Crutchfield maintains an active voice in dialogues with options exchanges, market maker, institutional and retail end-users, and regulators. Currently hot topics for the industry include Regulation SCI, an SEC proposal that would require exchanges and other market operators to have comprehensive technology-systems policies and procedures in place; preventing and managing erroneous trades; and market fragmentation.
“We have commented extensively on Reg SCI regarding our concerns,” Crutchfield said. “It is well-intentioned, but I don’t think it’s a coincidence that this happened during a year when a number of things didn’t go so well in our (industry’s) markets…We are watching carefully and waiting.”
“On the issue of errors, we have been a very active participant and supportive of industry efforts to formalize rules across options markets,” he continued. “That can simplify and also improve the ‘state of play’ in terms of how errors are dealt with. Part and parcel of that is, not just how we handle errors when they happen, but how can we enhance the rules to prevent errors from happening. We’ve taken some big steps in that direction.”
The ICE options exchanges are also moving forward with their own safeguards and risk controls.
“One of our top initiatives in the past year has been rolling out our global risk mechanism, which went live at the end of January,” Crutchfield said. “We were the first exchange to go to production with this, which enhances market-maker risk triggers that protect participants by causing market makers to be kicked out of the market if they exceed a certain level of trading.”
The new functionality applies on a symbol-by-symbol basis as well as in aggregate across all symbols, across all servers and matching engines, Crutchfield explained. Additionally, “we cleaned up our obvious and catastrophic error rules back in the fall, which moved forward a standard of adjusting, rather than ‘busting’, trades in every instance where there isn’t a customer involved on the trade,’ he said. “We’re going toward having adjustment be the standard.”
“On the topic of error prevention, I expect the industry will have some robust accomplishments over the next six months, particularly with implementation of the cross-SRO standards on improving on these error rules,” Crutchfield added.
Regarding market fragmentation, “we’re looking to find ways to encourage greater liquidity to be displayed on the screen in options markets,” Crutchfield said. “With the proliferation of electronic auction mechanisms, one could argue that reduces the incentives for market makers to have continuously displayed aggressive quotes on the screen, because that is no longer needed to attract an order.”

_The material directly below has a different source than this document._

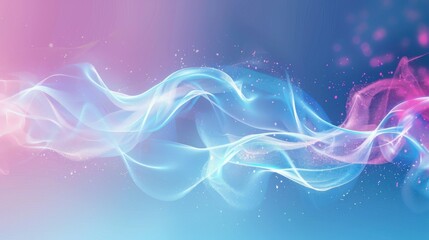Obraz premium Abstract background with blue and pink waves. 3d rendering, 3d illustration.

“So we are looking at, subsequent to the initial roll-out, adding some incentives to our auction that will reward those market makers who on an ongoing basis provide liquidity aggressively through the normal course of business,” he said. “We’re also looking at exploring some market-structure changes, which could incent the display of additional size to the screen, for all participants…Trying to find ways, in a fragmented environment, to ensure that liquidity is provided effectively to participants who are seeking it, is an important part of our longer-term strategy.”